• **DATA EXTRACT**
•••••

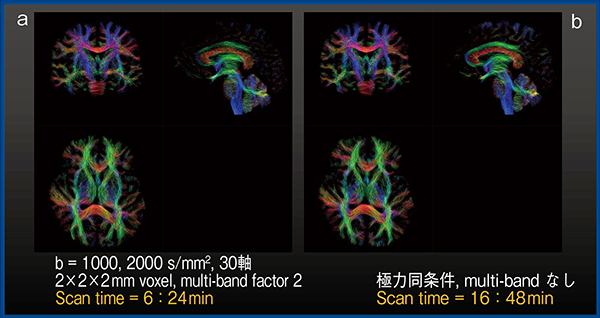 図1　拡散MRIにおける撮像時間の高速化 a：Vantage Galan 3T　b：少し前の世代のMRI装置 （以下，Vantage Galan 3Tのデータはすべて順天堂大学の装置にて撮像）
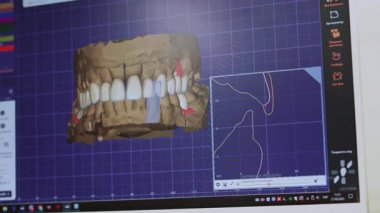 Bu proje gelişmiş görüntüleme yazılımı kullanan karmaşık diş yapılarının ayrıntılı bir üç boyutlu temsilini gösterir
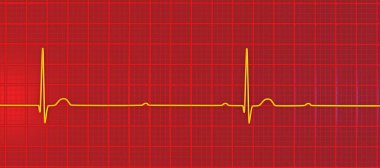 3. derece AV bloklu bir ECG görselleştirmesi, atriyal ve ventriküler ritimler arasında tam ayrışma gösteriyor.
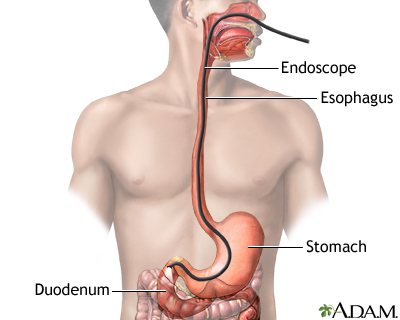 Esophagogastroduodenoscopy (EGD)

•••••

• **DESCRIPTION OF THE TASK**
Print the material exactly as given, but not the pictures.

• **WRITTEN REPLY**
 図1　拡散MRIにおける撮像時間の高速化 a：Vantage Galan 3T　b：少し前の世代のMRI装置 （以下，Vantage Galan 3Tのデータはすべて順天堂大学の装置にて撮像）
 Bu proje gelişmiş görüntüleme yazılımı kullanan karmaşık diş yapılarının ayrıntılı bir üç boyutlu temsilini gösterir
 3. derece AV bloklu bir ECG görselleştirmesi, atriyal ve ventriküler ritimler arasında tam ayrışma gösteriyor.
 Esophagogastroduodenoscopy (EGD)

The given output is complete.